Le Soir und De Standaard werfen einen Blick auf die aktuellen Beratungen zur Staatsreform. Nach Angaben der französischsprachigen Zeitung könnte eine Einigung bis zum Ende der Woche erzielt werden. Dann würden die echten Koalitionsgespräche über die Zusammensetzung des Kabinetts und das Regierungsprogramm starten. Dass die flämischen Liberalen die Grünen nicht dabei haben wollen, versteht das Blatt nicht. Auch De Standaard meint, ein Großteil der Bevölkerung kann das nicht nachvollziehen. Die Grünen haben in den letzten Monaten fleißig mitgearbeitet, und jetzt soll man sie einfach daneben setzen?
Het Nieuwsblad gibt zu bedenken, eine Regierung ohne Groen! hätte keine eigene Mehrheit in Flandern. Die flämischen Parteien sollten nicht leichtsinnig einem solchen Kabinett beitreten. Die Kehrseite der Medaille sieht allerdings so aus: Mit den Grünen wären auf französischsprachiger Seite alle Parteien an der Macht. Keine Opposition, auch das keine zufriedenstellende Lösung.
Monsterprozess gegen Janssen
Die meisten Zeitungen berichten über den Start des wohl größten Gerichtsprozesses dieses Jahres, darunter L'Avenir und Het Belang van Limburg. 200 Journalisten, 120 Jurymitglieder und drei Morde: Vor dem limburgischen Schwurgericht in Tongern beginnt ein Monsterprozess. Der mutmaßliche Serienmörder Ronald Janssen muss sich für den Tod von drei Menschen verantworten, außerdem soll er mehr als 20 Frauen vergewaltigt haben. Mehr als 150 Zeugen sollen in den nächsten Wochen gehört werden. Das Urteil wird nicht vor dem 20. Oktober erwartet.

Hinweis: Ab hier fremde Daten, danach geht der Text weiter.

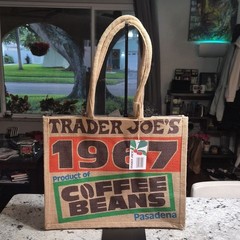 Trader Joe’s 1967 Pasadena Coffee Beans Jute Reusable Tote Bag 14x13x8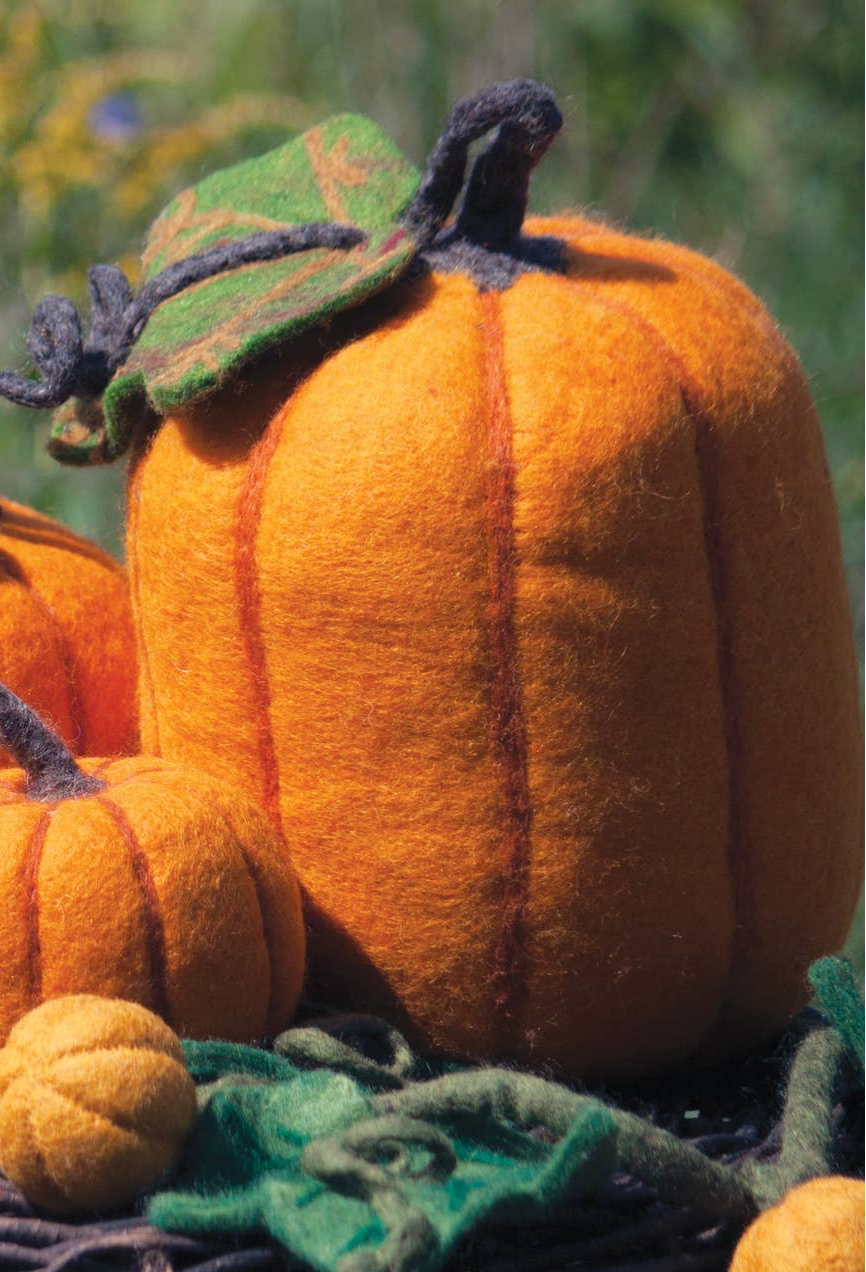 Large Autumn Orange Felt Fairy Pumpkin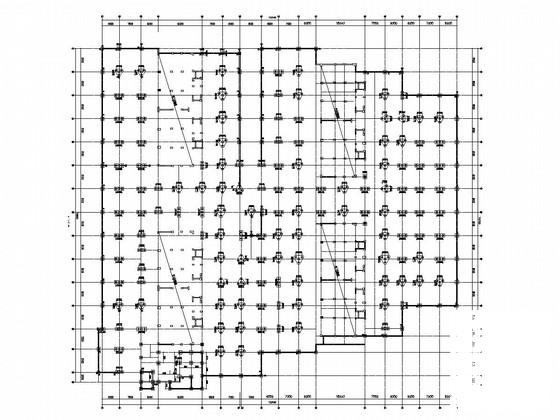 框架剪力墙结构地下车库结构CAD施工图纸(平面布置图) - 3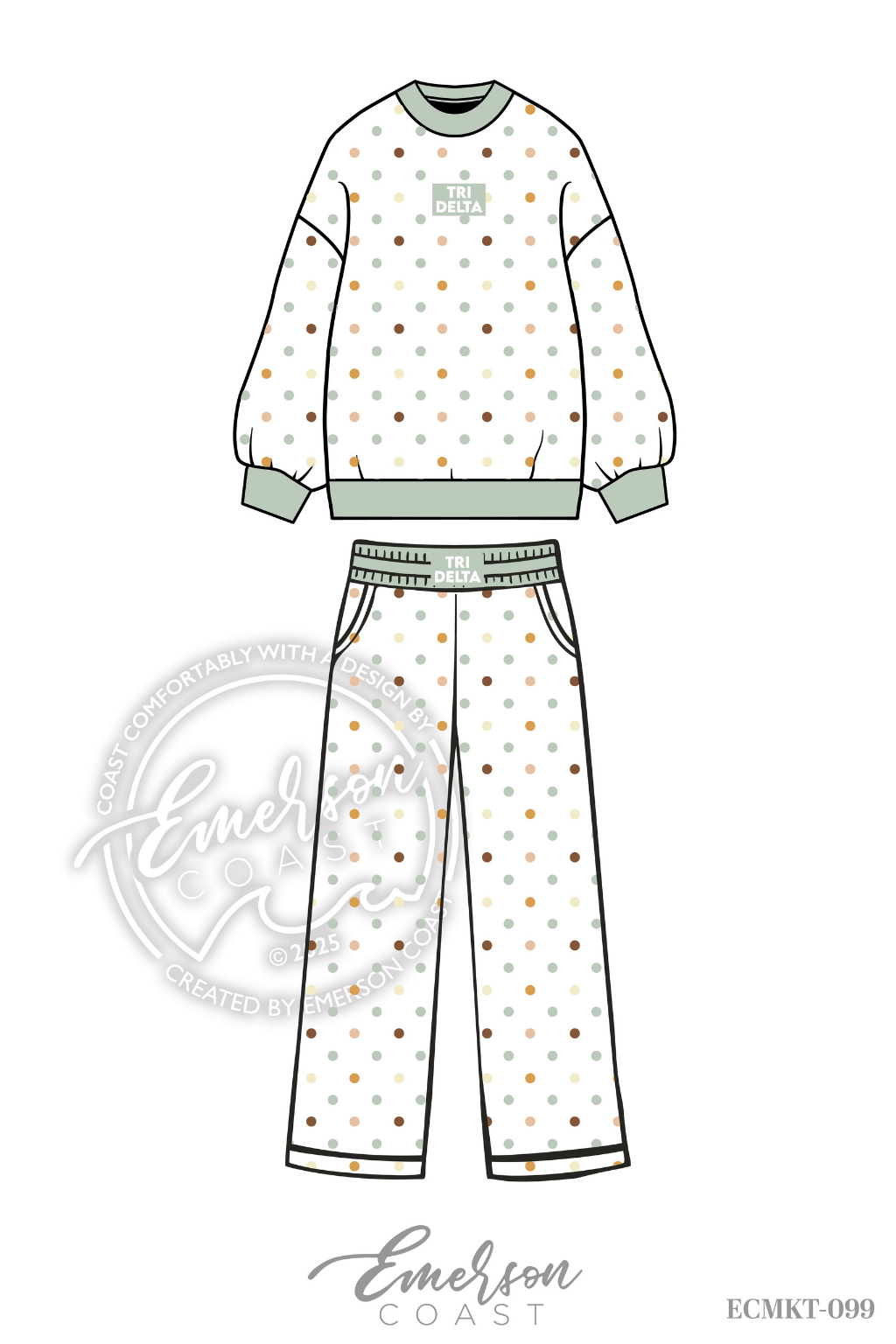Tri Delta Pastel Polka Dot Print Mock/Pants Set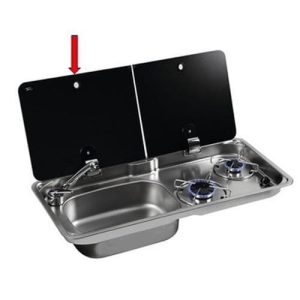Replacement Left Glass lid for CAN FL1766 Campervan Sink & Cooker / Hob
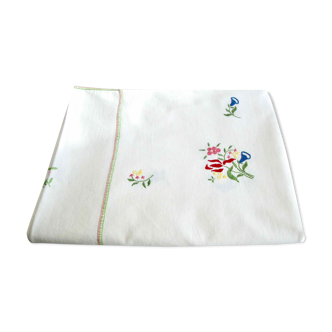 Hand embroidered cotton tablecloth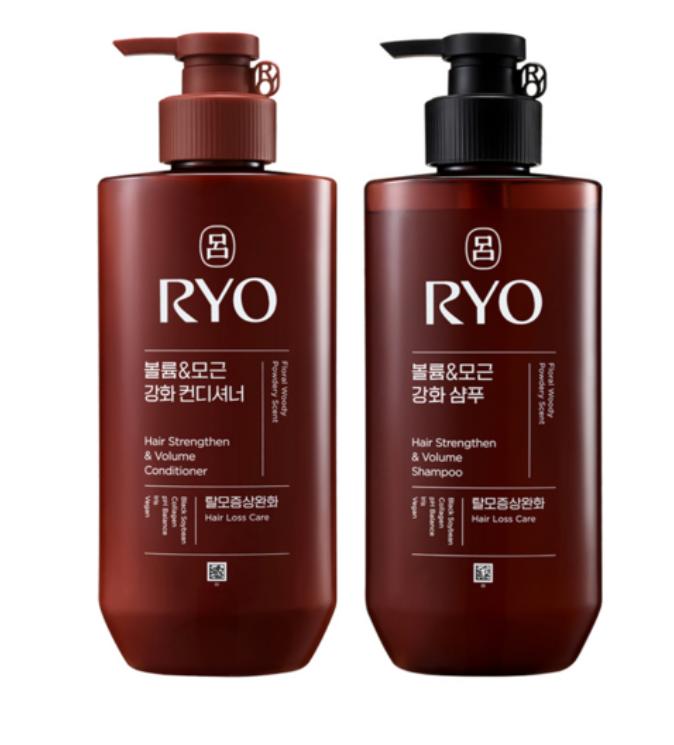Ryo Black Ginseng Volume & Root Strengthening Shampoo 480ml + Conditioner 480ml – Floral Woody Scent 1 set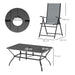 Grey 7 Piece Steel Patio Dining Set With Parasol Hole by Outsunny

Gespannt blicken alle vor allem auf den Mordfall der jungen Annick Van Uytsel. Bei den Ermittlungen waren zahlreiche Pannen passiert. Justizminister Stefaan de Clerck erklärte sogar, solche fehlerhaften polizeilichen Ermittlungen dürfe es nicht mehr geben. L'Avenir ist überzeugt: Ronald Janssen ist ein Serienmörder. Die Zeitung stellt sich auf spannende Gerichtsverhandlungen ein, denn für L'Avenir steht fest: Janssen hat noch längst nicht alles gesagt.
Auf der Straße
"Schon wieder müssen Kinder auf der Straße schlafen", titelt Het Laatste Nieuws. Mehr als 70 Roma, darunter viele Kinder, waren gestern aus dem Brüsseler Nordbahnhof vertrieben worden. Weil die meisten aus dem EU-Land Tschechien stammen, haben sie kein Anrecht auf eine Asylprozedur. Belgien erlebt ein peinliches Déjà-vu, meint die Zeitung und warnt vor einer neuen Auffangkrise.